(Dataset excerpts)
┏━━
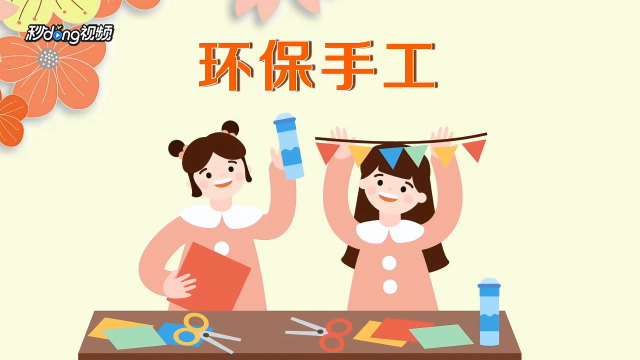 做儿童粘土创意老鼠奇妙手工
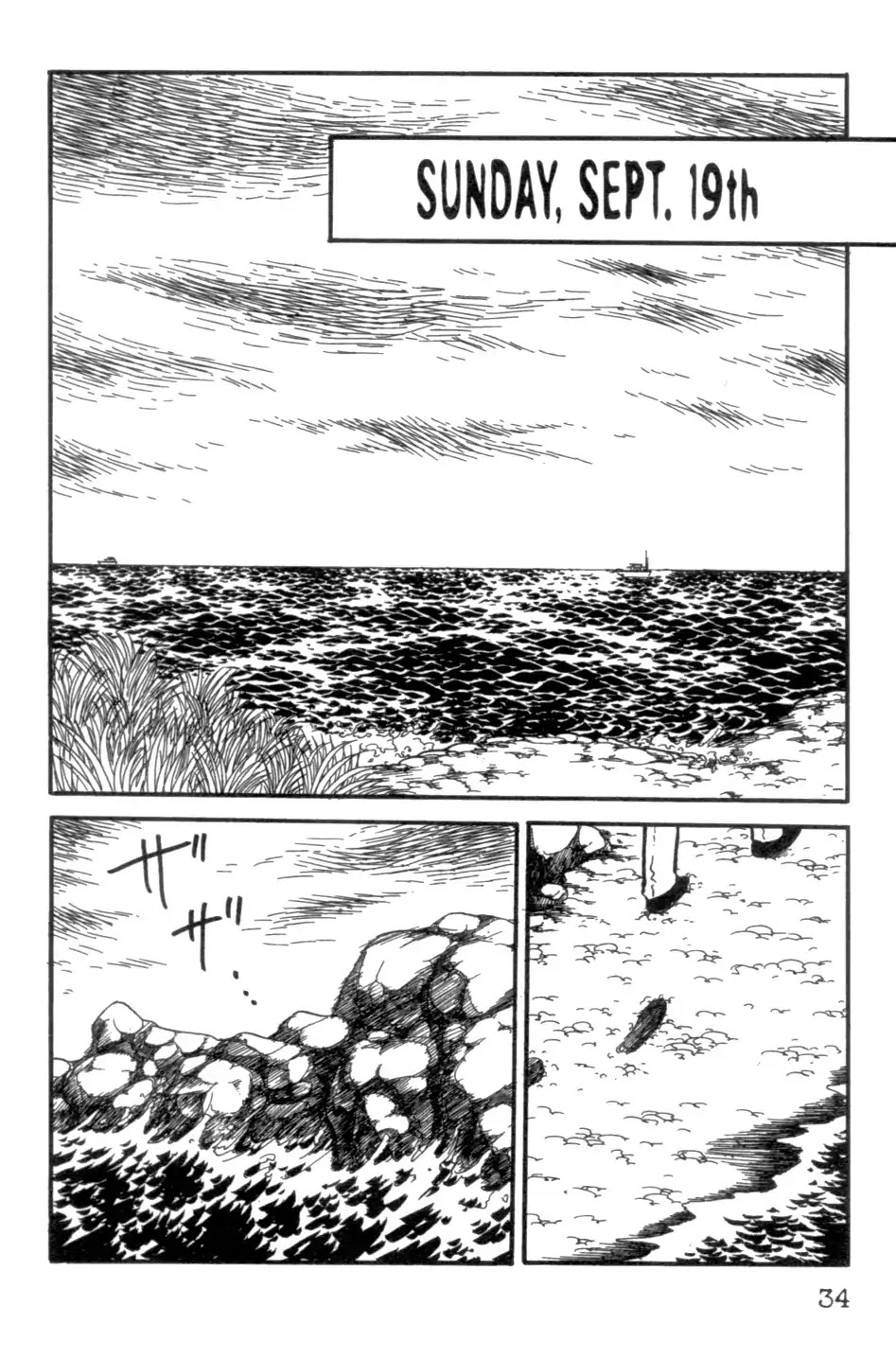 The Ring Chapter 0 page 184 - Chapter 0: Vol.1 [END]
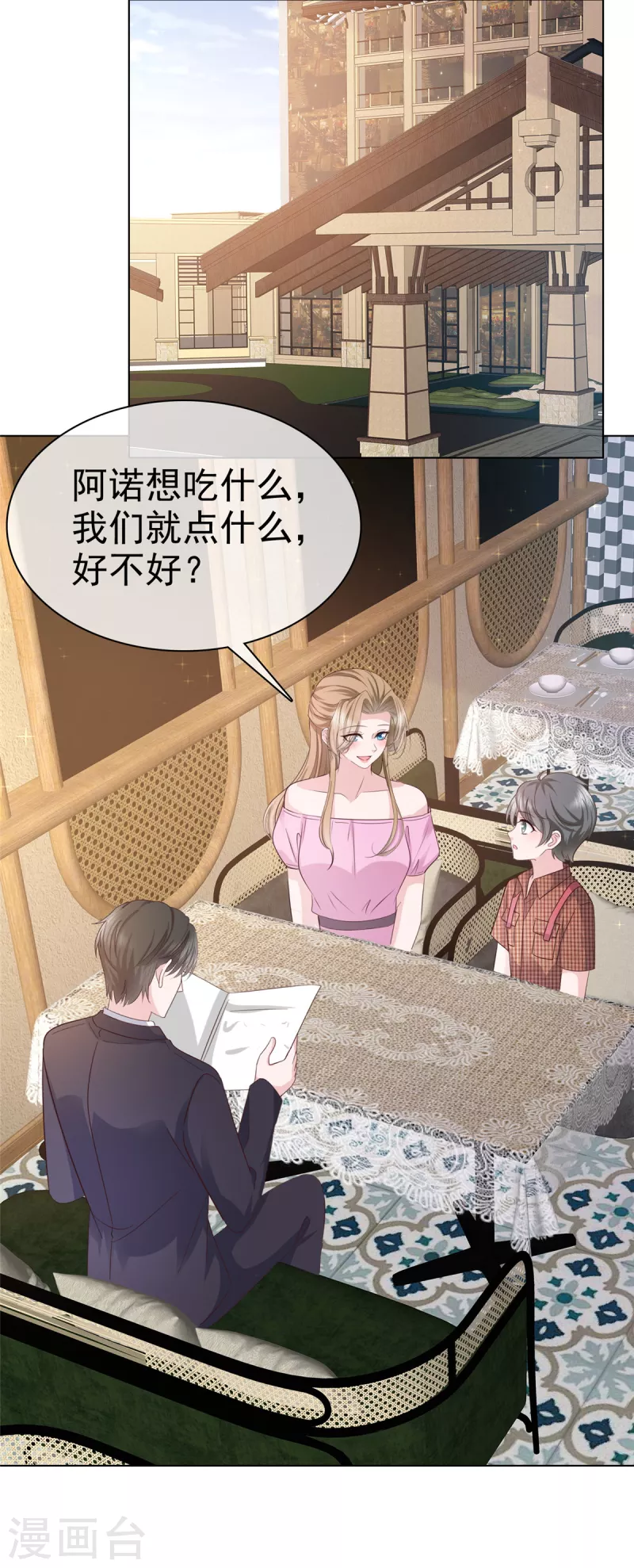 逆袭归来我的废柴老婆第四季漫画,第99话 另有目的2图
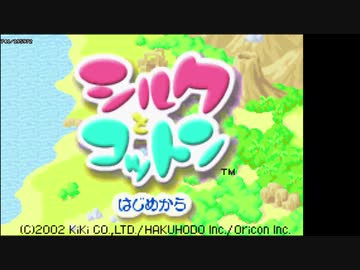 【TAS】 シルクとコットン Part1/2 【GBA】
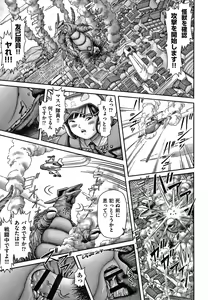 Page 70 of Shoujo Kumikyoku 15 - preview thumbnail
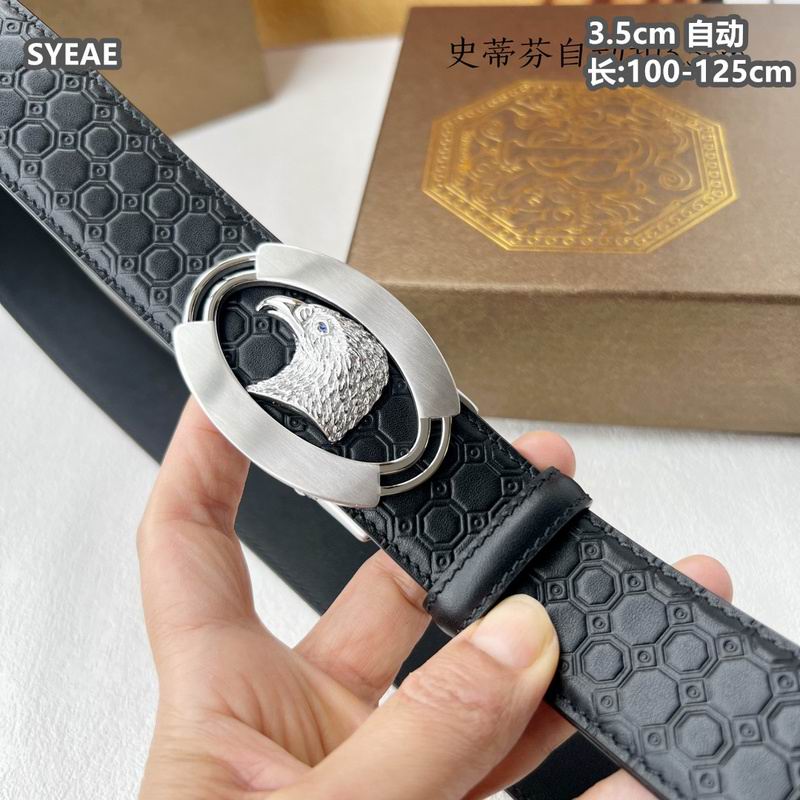 Stefano belt 35mmX100-125cm 8L (12)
┗━━
Problem to solve -
Find "シルクとコットン Part1/2 【GBA】" in the entries, then reproduce that line and each line after it exactly, through the last one. Pictures do not go in.

Solution -
 【TAS】 シルクとコットン Part1/2 【GBA】
 Page 70 of Shoujo Kumikyoku 15 - preview thumbnail
 Stefano belt 35mmX100-125cm 8L (12)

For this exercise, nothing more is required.